= Mineral industry of Guatemala =

The mineral industry of Guatemala includes:
- The Marlin Mine, a gold mine owned by Montana Exploradora de Guatemala, S.A (Montana), a subsidiary of Canadian company Goldcorp.
- The El Estor mine, one of the largest nickel mines in Guatemala. The mine is located in El Estor in Izabal Department. The mine has reserves amounting to 50 million tonnes of ore grading 1.5% nickel.
- The Fenix nickel project is a nickel resource in Guatemala which was sold by Hudbay in 2011 for $170 million to the Russian owned Solway Group, headquartered in Cyprus. The operation had been on care and maintenance since 1980. It includes a brownfield nickel laterite mine and a process plant. The mine is located in El Estor in Izabal Department. The mine has reserves amounting to 36.1 million tonnes of ore grading 1.86% nickel.
- The Uspantán mine is one of the largest nickel mines in Guatemala. The mine is located in Uspantán in Quiché Department.

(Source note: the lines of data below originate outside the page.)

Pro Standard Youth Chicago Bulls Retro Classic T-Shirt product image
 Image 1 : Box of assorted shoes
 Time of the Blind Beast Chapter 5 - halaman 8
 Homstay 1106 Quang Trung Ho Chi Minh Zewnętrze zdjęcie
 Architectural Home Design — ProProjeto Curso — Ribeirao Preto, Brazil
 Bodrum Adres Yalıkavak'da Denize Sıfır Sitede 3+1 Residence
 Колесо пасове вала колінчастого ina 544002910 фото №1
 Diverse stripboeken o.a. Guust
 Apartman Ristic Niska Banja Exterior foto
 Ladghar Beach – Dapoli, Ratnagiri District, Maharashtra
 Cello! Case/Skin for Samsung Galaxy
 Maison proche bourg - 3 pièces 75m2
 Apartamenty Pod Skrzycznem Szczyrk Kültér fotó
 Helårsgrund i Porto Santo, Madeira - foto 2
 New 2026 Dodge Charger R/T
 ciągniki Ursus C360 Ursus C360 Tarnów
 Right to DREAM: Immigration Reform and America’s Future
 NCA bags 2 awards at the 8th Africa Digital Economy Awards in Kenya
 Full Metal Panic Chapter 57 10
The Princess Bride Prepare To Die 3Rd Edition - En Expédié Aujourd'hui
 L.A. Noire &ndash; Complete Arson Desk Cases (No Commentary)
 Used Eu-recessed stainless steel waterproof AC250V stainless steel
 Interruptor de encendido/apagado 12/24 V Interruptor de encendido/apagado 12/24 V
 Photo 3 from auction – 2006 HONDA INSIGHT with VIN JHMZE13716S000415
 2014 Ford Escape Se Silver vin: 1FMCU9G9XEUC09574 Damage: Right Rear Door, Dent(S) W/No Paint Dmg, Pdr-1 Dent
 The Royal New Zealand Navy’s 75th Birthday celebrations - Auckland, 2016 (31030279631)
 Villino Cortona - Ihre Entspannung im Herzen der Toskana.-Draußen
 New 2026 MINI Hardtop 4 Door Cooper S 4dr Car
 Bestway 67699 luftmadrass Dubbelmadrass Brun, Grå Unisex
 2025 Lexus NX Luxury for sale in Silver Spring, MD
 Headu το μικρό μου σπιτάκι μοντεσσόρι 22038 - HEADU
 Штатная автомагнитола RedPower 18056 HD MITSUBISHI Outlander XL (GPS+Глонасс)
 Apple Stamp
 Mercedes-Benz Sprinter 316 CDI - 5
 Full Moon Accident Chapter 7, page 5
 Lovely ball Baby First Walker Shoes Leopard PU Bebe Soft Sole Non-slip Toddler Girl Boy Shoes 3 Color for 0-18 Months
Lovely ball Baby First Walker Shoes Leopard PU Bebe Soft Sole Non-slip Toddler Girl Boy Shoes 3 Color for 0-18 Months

The mine has reserves amounting to 40 million tonnes of ore grading 1.25% nickel.
- The Escobal mine is a large silver mine located east of San Rafael Las Flores in the south of Guatemala in Jalapa Department. Escobal represents one of the largest silver reserve in Guatemala and in the world having estimated reserves of 367.5 million oz of silver.
- The Canibal mine is a titanium mine in Guatemala. The mine is located in Cuilco in Huehuetenango Department. The mine has reserves amounting to 50 million tonnes of ore grading 19.43% titanium.

==Opposition to mining==
There is a political opposition in Guatemala to mining, particularly open pit mining, financed by international organizations. Opposition is based on both environmental concerns and opposition to globalization. The indigenous Maya peoples organizations have been extremely active in opposing international mining projects despite government support of them. In particular the Escobal mine protests have seen substantial anti-mining activism by the Xinca people.